Alberto Culver Company announced fourth quarter net sales of $385.2 million, compared to $386.0 million in the prior year quarter. Reported net sales were reduced 5.0% by foreign currency fluctuations. Net sales for the fiscal 2009 decreased 0.7% to $1.43 billion from $1.44 billion in the prior year. Reported net sales were reduced 8.1% by foreign currency fluctuations.
"Fiscal year 2009 was another very successful year for Alberto Culver," said V. James Marino, president and CEO, Alberto Culver. "We generated strong organic sales and earnings growth in a very difficult environment, continued to strengthen our hair care market shares and we're exiting fiscal year 2009 in a very strong financial position."
The fourth quarter organic sales growth rate was 2.7%. In the U.S., reported sales grew 8.3% driven by the acquisition of Noxzema and strong growth in TRESemme and St.
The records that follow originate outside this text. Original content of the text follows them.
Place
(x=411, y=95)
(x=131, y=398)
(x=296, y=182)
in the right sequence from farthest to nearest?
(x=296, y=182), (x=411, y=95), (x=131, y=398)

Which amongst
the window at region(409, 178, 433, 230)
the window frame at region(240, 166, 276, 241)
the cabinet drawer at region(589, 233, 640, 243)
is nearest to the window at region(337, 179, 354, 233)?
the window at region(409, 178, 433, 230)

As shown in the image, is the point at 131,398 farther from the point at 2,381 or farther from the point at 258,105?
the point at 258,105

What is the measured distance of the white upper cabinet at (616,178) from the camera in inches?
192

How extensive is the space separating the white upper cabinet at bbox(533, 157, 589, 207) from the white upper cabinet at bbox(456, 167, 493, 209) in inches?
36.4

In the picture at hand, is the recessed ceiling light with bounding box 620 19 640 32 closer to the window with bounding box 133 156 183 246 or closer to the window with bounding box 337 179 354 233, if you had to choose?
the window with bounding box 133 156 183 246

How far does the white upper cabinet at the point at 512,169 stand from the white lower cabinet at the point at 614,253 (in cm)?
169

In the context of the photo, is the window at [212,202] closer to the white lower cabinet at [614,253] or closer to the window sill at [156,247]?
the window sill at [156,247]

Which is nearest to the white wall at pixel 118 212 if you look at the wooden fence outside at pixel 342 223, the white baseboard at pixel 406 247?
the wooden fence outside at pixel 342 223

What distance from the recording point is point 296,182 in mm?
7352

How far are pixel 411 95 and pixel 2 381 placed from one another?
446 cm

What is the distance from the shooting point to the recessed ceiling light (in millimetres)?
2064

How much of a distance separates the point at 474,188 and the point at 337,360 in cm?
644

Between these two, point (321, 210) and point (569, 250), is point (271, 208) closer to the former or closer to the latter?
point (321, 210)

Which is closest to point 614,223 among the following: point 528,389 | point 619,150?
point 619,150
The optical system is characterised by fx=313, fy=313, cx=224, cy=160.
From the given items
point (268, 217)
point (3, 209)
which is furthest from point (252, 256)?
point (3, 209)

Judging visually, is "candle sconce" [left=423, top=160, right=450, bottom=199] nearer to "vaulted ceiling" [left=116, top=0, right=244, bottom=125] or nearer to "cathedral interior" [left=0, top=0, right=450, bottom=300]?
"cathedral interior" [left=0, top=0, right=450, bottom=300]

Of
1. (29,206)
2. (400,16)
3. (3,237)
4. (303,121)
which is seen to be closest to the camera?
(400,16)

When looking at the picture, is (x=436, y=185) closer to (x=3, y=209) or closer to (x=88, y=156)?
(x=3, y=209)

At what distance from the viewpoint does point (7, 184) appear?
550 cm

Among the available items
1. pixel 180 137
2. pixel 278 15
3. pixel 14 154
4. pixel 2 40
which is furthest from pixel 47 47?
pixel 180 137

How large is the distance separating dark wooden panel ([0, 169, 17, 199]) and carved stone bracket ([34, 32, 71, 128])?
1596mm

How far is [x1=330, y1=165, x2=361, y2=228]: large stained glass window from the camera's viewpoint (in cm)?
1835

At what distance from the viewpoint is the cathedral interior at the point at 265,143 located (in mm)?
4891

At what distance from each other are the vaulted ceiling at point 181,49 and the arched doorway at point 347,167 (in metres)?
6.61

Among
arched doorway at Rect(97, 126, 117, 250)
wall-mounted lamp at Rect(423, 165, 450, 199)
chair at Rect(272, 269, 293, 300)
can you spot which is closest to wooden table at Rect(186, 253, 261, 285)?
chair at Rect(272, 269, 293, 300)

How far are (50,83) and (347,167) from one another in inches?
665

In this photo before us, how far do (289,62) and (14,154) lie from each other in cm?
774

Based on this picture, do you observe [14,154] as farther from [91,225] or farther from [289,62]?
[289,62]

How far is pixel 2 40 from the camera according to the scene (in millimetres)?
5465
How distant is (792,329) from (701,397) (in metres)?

Ives, partly offset by lower Alberto VO5 sales, mainly due to discontinued styling items. International sales on a reported basis decreased 11.9% (although sales were flat when excluding the impact of foreign currency fluctuations). The international segment continued to benefit from the successful expansion of TRESemme, the launch of Nexxus in Canada and double-digit local currency growth in St. Ives. These increases were offset by a decline in Alberto VO5 sales due to the timing of promotional events and heightened competitive activity, particularly in Europe, and weakness in multicultural brands.
The company's gross profit margin was 52.3% in the fourth quarter compared to 51.7% in the prior year quarter. "As expected, in the September quarter, we saw the results of our cost savings efforts coupled with the benefit of lower oil derived raw material costs," said Marino.
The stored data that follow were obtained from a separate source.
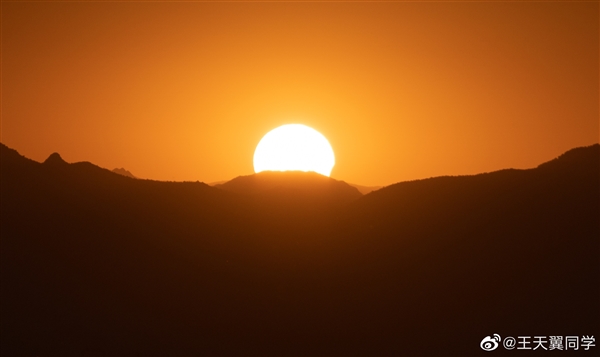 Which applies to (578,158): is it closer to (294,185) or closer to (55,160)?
(55,160)

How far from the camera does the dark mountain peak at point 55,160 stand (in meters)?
43.0

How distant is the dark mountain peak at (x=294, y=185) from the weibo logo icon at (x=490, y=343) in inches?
1685

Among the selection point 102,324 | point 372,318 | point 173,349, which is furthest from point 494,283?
point 102,324

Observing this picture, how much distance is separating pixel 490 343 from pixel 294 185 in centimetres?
5210

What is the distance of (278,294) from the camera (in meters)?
34.7

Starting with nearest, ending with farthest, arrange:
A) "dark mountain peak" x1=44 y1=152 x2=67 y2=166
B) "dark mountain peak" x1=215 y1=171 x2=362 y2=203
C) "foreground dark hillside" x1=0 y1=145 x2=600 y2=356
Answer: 1. "foreground dark hillside" x1=0 y1=145 x2=600 y2=356
2. "dark mountain peak" x1=44 y1=152 x2=67 y2=166
3. "dark mountain peak" x1=215 y1=171 x2=362 y2=203

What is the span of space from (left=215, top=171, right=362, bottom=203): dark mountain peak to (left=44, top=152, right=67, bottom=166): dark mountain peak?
32.3m

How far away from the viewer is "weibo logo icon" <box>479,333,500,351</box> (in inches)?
1170

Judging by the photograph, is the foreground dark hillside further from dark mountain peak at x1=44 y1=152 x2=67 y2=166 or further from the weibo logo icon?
the weibo logo icon

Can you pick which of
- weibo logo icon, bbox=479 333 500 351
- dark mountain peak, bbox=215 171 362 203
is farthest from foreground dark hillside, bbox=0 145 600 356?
dark mountain peak, bbox=215 171 362 203

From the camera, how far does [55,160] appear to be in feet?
142

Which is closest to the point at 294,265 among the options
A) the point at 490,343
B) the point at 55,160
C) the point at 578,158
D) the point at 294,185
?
the point at 490,343

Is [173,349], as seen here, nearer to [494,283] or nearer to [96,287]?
[96,287]

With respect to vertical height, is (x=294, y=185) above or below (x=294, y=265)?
above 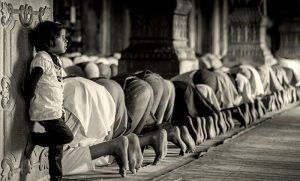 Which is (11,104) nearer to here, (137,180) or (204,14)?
(137,180)

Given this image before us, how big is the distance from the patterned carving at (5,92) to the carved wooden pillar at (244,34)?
11.3 meters

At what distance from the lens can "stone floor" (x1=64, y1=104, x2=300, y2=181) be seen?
19.2 feet

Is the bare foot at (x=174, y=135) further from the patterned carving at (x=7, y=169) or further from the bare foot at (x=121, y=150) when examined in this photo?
the patterned carving at (x=7, y=169)

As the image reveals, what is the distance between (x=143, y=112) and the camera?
21.6ft

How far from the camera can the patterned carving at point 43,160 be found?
203 inches

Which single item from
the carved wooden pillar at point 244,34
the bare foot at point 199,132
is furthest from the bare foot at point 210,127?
the carved wooden pillar at point 244,34

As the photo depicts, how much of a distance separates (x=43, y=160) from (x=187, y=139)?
225 cm

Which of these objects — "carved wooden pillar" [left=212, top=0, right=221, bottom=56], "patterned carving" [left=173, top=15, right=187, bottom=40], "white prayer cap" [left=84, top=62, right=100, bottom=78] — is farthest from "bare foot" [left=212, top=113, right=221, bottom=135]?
"carved wooden pillar" [left=212, top=0, right=221, bottom=56]

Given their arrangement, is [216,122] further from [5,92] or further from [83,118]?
[5,92]

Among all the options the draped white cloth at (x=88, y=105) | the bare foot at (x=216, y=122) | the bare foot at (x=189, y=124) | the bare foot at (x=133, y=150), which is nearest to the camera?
the draped white cloth at (x=88, y=105)

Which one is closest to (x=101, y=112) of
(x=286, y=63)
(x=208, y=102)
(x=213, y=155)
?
(x=213, y=155)

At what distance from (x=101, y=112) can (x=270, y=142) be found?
3.00 meters

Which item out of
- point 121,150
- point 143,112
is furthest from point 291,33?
point 121,150

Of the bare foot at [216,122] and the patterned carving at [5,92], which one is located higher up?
the patterned carving at [5,92] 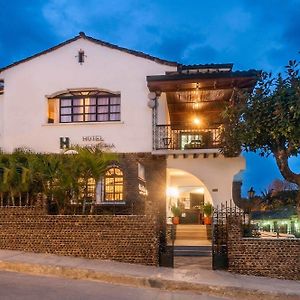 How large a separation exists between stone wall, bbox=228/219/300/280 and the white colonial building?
16.6ft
Advertising and other marketing investments in the fourth quarter increased 8.1% (despite a 500 basis point reduction from foreign currency fluctuations) to $76.2 million compared to $70.4 million in the prior year quarter. The significant increase resulted primarily from investments in TRESemme and Nexxus, partially offset by lower Alberto VO5 investments in the U.S. due to significant prior year spending to support Extreme Styling. "During the quarter and the year, we benefited from lower media rates across markets, and we continued to significantly invest in our core beauty care brands to strengthen our market shares and drive growth," said Marino.
For fiscal year 2009, advertising and other marketing investments decreased 9.6% (670 basis points due to foreign currency fluctuations) to $239.5 million from $265.0 million in the prior year.
"Despite market challenges, this was another year of growth for Alberto Culver and its shareholders," said Carol Lavin Bernick, executive chairman, Alberto Culver.